Papilaja en Uktolseja kaapten samen met zeven andere Molukse jongeren een trein met meer dan vijftig inzittenden bij De Punt in Drenthe. Op 11 juni 1977 maakten mariniers en de luchtmacht met geweld een einde aan de treinkaping, die toen al drie weken duurde. Bij die bevrijdingsactie, op last van de Staat, kwamen twee gegijzelde passagiers en zes kapers om het leven. Volgens de familie van Papilaja en Uktolseja werden de twee van dichtbij geëxecuteerd.
De Staat heeft altijd met klem ontkend dat er sprake was van executies en onrechtmatig toegepast geweld. Het hof is het daarmee eens. „Het was een chaotische situatie in de trein en het zicht was slecht.” De rechter zei dat mede hierdoor en omdat het al lang geleden is, niet meer exact te herleiden is wat er in 1977 gebeurde. „Er blijft onzekerheid bestaan. Bij twijfel kunnen de vorderingen niet toegewezen worden.”

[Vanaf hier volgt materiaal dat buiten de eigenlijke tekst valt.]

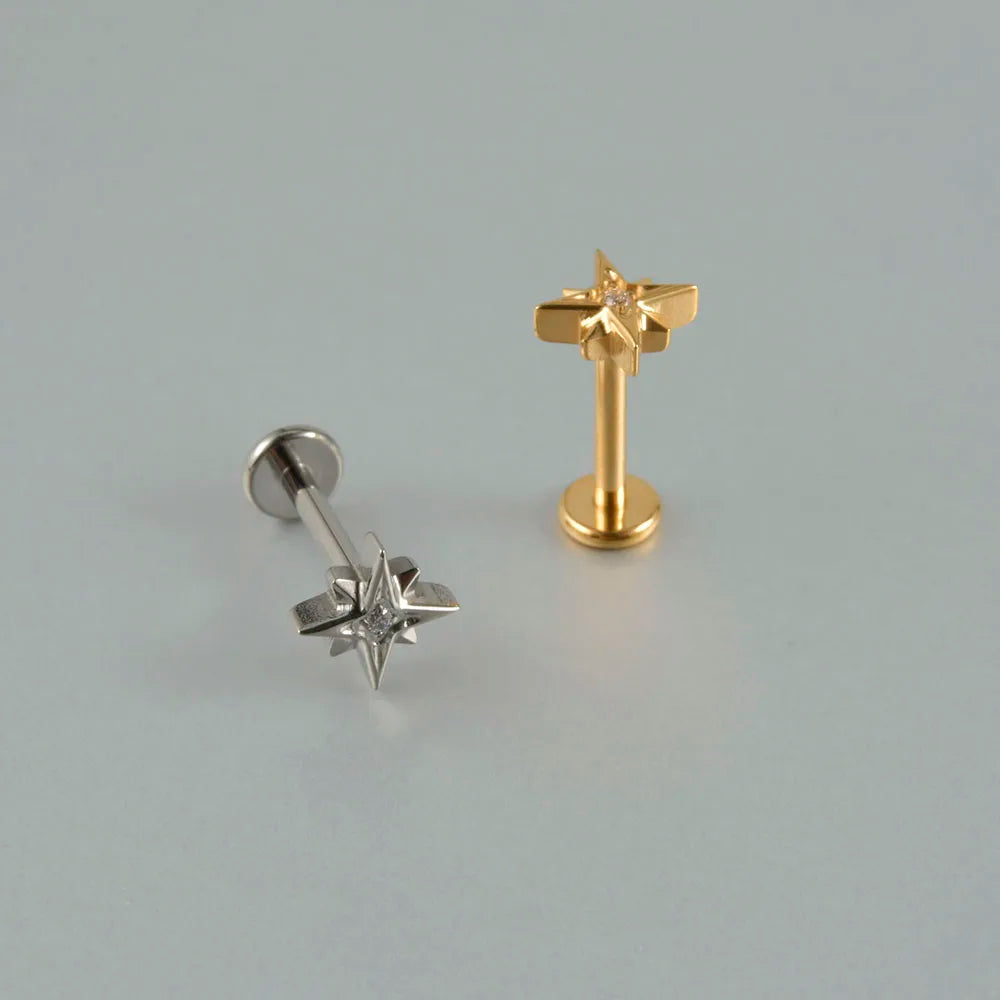 ASTM F136 Solid Titanium Internally Threaded Cross Cz Cartilage Earrings Stud Helix Tragus Lobe Piercing Labret Lip Ring Jewelry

De rechtbank oordeelde in juli 2018 ook dat het gebruikte geweld niet onrechtmatig was. De rechtbank bepaalde dat de mariniers in de „achteraf gezien onjuiste, maar oprechte en daarom verschoonbare” veronderstelling waren dat het geweld nodig was. De nabestaanden van de kapers gingen daarop in hoger beroep.
Advocaat Liesbeth Zegveld liet direct na afloop namens de nabestaanden weten erg teleurgesteld en verbaasd te zijn. „Hansina had 44 verwondingen, hoe kan je zeggen dat dat proportioneel is.”